Automated Diagnosis and
the Future of Biomedicine
Have you ever wondered what is going on in your doctor’s mind during a consultation? A large part of it is likely to be a process of observation, data gathering and analysis based – more or less accurately – on what you say. I emphasise the ‘more or less’ because many patients are surprised to see how often what they say to doctors is ignored or just plain misrepresented in their medical reports. And if, as Einstein noted in relation to physics, “Theory determines what is observed”, then in the case of the ‘observations’ and ‘data’ gathered by the doctor in listening to you the same applies. Indeed it is often the case, paraphrasing Einstein, that in the case of biomedical practice ‘Theory’ determines not just what is ‘observed’ but even what is heard by doctors. The biomedical practitioner’s chief aim is, like a radio, to distinguish ‘signals’ from ‘noise’ – ‘noise’ being anything the doctor regards as scientifically irrelevant to exercising his diagnostic skills – such as the larger life story behind a patient’s illness, their emotional experience of illness – and of its effect on their life.

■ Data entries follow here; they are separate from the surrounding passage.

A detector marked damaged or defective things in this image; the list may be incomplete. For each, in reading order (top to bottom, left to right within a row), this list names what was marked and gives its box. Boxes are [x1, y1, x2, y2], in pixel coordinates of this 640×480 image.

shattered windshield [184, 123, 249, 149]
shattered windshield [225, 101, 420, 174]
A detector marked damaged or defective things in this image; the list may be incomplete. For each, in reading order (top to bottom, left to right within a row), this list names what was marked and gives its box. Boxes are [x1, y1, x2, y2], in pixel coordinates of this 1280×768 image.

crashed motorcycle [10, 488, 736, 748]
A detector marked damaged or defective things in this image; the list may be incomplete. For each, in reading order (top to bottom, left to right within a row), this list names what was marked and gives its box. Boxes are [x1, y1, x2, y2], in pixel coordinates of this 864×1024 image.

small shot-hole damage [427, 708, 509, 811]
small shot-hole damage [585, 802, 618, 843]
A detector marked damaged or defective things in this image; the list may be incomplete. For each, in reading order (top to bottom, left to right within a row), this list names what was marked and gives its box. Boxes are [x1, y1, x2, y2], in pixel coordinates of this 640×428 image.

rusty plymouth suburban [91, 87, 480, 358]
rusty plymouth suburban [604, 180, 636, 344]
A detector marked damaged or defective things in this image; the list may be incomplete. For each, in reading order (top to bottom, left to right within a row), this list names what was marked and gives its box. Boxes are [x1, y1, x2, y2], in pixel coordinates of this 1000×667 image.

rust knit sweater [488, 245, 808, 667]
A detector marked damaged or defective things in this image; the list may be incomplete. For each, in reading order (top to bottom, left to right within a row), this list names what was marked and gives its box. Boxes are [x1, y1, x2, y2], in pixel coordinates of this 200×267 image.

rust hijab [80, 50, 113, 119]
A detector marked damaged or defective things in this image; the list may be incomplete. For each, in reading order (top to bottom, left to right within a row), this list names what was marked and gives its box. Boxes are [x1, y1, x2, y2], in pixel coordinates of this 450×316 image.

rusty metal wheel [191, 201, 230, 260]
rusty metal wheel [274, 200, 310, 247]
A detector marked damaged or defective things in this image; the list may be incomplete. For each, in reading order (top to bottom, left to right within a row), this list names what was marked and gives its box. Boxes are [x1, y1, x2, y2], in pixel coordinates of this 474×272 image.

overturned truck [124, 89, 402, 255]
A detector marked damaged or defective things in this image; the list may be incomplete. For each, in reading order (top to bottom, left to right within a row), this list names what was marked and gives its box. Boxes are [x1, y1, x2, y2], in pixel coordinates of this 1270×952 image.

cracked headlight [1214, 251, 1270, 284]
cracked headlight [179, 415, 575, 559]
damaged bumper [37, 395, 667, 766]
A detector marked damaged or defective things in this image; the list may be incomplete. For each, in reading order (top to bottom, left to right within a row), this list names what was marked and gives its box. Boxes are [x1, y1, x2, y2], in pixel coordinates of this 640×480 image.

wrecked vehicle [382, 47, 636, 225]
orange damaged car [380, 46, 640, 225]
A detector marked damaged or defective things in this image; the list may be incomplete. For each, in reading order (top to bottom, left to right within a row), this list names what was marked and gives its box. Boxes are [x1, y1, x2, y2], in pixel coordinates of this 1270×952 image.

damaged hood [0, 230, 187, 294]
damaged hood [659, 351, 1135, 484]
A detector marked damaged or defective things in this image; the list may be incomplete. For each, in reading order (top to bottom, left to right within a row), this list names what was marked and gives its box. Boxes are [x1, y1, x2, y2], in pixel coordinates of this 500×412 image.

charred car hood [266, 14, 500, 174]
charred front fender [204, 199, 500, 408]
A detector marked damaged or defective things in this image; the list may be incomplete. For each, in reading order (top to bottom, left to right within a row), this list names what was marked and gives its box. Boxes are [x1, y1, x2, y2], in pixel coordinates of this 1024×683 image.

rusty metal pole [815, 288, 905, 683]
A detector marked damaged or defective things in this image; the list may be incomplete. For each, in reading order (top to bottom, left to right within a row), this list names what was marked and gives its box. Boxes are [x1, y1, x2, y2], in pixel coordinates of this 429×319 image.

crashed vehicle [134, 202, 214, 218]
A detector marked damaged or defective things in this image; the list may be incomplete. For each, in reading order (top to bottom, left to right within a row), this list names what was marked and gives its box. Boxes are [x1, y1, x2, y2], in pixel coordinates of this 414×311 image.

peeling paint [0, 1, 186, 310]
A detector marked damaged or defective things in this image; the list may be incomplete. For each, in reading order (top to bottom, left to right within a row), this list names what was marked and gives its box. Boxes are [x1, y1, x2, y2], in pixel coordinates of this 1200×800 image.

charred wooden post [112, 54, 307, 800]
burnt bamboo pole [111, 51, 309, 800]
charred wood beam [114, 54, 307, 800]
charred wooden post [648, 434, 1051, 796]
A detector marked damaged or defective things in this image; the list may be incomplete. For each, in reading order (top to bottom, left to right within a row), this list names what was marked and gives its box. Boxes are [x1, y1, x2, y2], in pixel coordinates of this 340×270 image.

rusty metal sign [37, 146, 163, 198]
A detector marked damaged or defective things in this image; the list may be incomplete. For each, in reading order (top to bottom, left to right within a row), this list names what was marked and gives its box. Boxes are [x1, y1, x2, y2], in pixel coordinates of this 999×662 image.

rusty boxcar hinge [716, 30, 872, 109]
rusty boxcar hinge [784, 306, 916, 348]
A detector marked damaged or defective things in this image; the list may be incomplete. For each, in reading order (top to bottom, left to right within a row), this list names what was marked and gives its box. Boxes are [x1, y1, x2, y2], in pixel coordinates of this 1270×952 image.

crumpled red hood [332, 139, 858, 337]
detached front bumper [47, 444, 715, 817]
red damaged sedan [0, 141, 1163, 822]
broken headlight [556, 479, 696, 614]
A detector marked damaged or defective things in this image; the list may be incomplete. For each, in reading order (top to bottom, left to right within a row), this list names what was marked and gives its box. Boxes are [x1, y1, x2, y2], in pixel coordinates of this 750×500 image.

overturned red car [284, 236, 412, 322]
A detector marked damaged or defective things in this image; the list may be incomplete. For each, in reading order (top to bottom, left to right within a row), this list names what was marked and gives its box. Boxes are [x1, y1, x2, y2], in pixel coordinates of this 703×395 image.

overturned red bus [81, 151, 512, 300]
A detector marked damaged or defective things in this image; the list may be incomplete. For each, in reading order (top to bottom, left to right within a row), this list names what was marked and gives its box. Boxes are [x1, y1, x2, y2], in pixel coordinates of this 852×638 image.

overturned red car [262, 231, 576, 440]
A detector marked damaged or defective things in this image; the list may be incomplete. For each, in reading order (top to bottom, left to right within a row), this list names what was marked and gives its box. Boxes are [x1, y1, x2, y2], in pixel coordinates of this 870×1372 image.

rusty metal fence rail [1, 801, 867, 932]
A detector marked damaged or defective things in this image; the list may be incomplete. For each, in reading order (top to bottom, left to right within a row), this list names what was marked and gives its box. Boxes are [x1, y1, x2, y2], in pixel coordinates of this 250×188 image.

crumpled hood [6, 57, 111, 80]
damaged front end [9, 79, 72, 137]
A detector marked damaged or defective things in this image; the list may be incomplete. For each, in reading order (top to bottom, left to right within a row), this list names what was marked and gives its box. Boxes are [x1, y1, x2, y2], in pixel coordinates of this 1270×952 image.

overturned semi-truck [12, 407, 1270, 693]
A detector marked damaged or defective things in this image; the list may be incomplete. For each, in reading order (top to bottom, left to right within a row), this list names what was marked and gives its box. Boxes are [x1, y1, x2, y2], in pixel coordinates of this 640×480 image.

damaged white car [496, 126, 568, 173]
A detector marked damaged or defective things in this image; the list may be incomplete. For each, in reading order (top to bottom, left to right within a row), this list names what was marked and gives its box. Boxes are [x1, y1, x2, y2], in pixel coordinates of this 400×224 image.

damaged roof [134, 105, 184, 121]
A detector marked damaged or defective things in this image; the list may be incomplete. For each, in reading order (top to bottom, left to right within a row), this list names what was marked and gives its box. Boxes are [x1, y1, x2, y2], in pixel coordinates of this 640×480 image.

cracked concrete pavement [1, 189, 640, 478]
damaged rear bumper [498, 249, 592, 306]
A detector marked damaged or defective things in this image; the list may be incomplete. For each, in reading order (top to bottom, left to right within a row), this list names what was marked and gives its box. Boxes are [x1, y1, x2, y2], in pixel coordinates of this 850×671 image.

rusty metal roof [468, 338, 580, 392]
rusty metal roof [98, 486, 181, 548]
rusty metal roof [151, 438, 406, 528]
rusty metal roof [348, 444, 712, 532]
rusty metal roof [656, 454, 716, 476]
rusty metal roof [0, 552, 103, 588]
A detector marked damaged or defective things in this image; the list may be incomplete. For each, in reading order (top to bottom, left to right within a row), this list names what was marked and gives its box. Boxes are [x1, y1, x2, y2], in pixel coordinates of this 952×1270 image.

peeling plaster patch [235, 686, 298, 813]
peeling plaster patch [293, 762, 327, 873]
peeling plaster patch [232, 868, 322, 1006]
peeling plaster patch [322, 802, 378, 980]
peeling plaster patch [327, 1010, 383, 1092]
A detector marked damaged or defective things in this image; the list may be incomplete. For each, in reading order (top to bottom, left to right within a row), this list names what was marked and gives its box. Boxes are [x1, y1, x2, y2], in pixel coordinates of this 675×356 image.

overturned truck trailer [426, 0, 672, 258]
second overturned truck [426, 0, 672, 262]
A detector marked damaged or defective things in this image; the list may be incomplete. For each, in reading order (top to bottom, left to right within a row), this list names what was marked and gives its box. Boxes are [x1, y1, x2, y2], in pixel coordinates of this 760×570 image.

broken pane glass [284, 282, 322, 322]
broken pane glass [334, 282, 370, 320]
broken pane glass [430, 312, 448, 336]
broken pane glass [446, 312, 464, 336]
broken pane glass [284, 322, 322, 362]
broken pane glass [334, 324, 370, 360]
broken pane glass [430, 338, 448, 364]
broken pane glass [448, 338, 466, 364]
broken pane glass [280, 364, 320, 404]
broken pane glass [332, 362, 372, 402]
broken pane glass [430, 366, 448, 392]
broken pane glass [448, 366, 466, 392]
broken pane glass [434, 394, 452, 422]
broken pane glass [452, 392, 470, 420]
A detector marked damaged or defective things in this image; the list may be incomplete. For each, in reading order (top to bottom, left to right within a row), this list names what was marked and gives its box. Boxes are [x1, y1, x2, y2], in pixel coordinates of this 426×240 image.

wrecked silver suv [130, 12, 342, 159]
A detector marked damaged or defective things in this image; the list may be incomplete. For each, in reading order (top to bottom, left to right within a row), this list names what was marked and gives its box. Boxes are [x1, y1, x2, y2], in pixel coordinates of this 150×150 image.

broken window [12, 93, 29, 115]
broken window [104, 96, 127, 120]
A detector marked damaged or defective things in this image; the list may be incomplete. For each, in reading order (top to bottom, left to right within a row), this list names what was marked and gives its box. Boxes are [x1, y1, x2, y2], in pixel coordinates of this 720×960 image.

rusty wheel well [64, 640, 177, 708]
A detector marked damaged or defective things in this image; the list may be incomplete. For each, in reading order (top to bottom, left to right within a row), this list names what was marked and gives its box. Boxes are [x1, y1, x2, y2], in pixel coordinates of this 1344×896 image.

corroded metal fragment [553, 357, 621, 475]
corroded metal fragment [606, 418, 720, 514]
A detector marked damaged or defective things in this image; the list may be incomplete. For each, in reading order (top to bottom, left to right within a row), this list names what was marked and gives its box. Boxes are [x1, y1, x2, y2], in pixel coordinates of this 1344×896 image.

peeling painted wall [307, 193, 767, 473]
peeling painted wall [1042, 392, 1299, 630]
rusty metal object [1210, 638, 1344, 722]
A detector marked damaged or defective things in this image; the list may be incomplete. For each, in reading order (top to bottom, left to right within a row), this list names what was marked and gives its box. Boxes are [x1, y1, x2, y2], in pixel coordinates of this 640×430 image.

Yet what if what doctors are chiefly
doing while listening to you
is merely functioning as a human ‘black box’ between what they
regard as significant ‘input’ and giving what they regard as
all-important ‘output’, i.e. probable diagnoses, suggested
treatments, prescriptions, referrals for further tests or to
specialists? As this ‘black box’, what is really going on in your
doctor’s mind is comparable to them going through a type of
predetermined computer ‘algorithm’ or ‘decision tree’ in
order to arrive at the most likely or statistically probable
‘diagnoses’ from the ‘observations’ and ‘data’ he or she
is collecting from you. In which case, however, the doctor is
effectively functioning as nothing more than a sort of human
computer – and therefore
could just as well be ultimately replaced by
a computer – one fitted out with what is called ‘automated
diagnostic software’. If you think this is a wild, futuristic idea
– then think again. For ‘Computer-Assisted Diagnosis’ is
already a reality – and is even used to get a ‘second opinion’
by the most highly revered of biomedical diagnosticians.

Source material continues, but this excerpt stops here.